US President-elect Barack Obama has said that his administration will act 'swiftly' to address the 'greatest economic challenge of our lifetime' that the country is facing.
"We are facing the greatest economic challenge of our lifetime. We will have to act swiftly to resolve it. I do not underestimate the enormity of the task that lies ahead," the 47-year-old senator from Illinois, who was elected as the 44th US President, said.
"We have taken some major action to date and we will take further action," Obama said in his first press conference after his historic victory on November 4.
He said that if the lame-duck Congress fails to pass the stimulus package before he takes office on January 20 next, then passing such a package will be his first priority.
"Immediately after I become president, I will confront this economic crisis head on by taking all necessary steps to ease the credit crisis, help hard-working families and restore growth and prosperity," Obama said.
He stressed that the country should devise a rescue plan for the middle class that invests in immediate efforts to create jobs and provide tax relief to struggling families.
"Particularly urgent priority is a further extension on unemployment benefits for workers who cannot find work in the increasingly weak economy," said.
Obama, who had a meeting with a 17-member council of economic advisors, pointed to the release of the Labor Department saying that 240,000 jobs had been shed in October, bringing the year's total job losses to 1.2 million.
"This morning, we woke up to more sobering news about the state of our economy.
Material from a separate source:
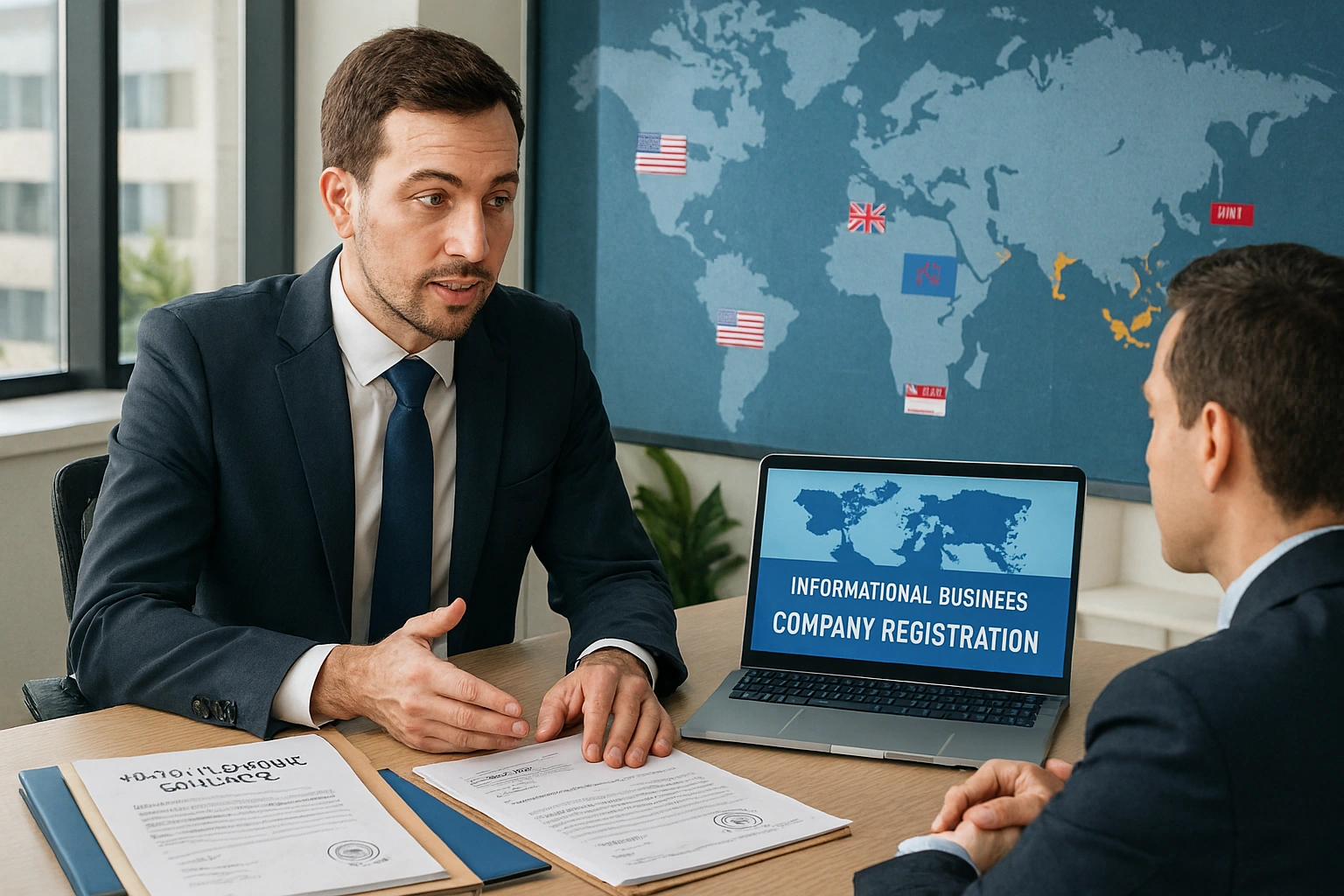 overseas registration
The 2,40,000 jobs were lost in October, the 10th consecutive month that our economy had shed jobs. In total, we have lost nearly 1.2 million jobs this year. More than 10 million Americans are now unemployed.
"My transition team is going to be monitoring very closely what happens over the course of the next several months. The one thing I can say with certainty is that we are going to need to see a stimulus package passed either before or after inauguration," Obama, who was accompanied by Vice President-elect Joe Biden, said.
Describing the US auto industry as the back-bone of the American manufacturing, Obama said that a critical part of its attempt would be to reduce countries dependence on foreign oil.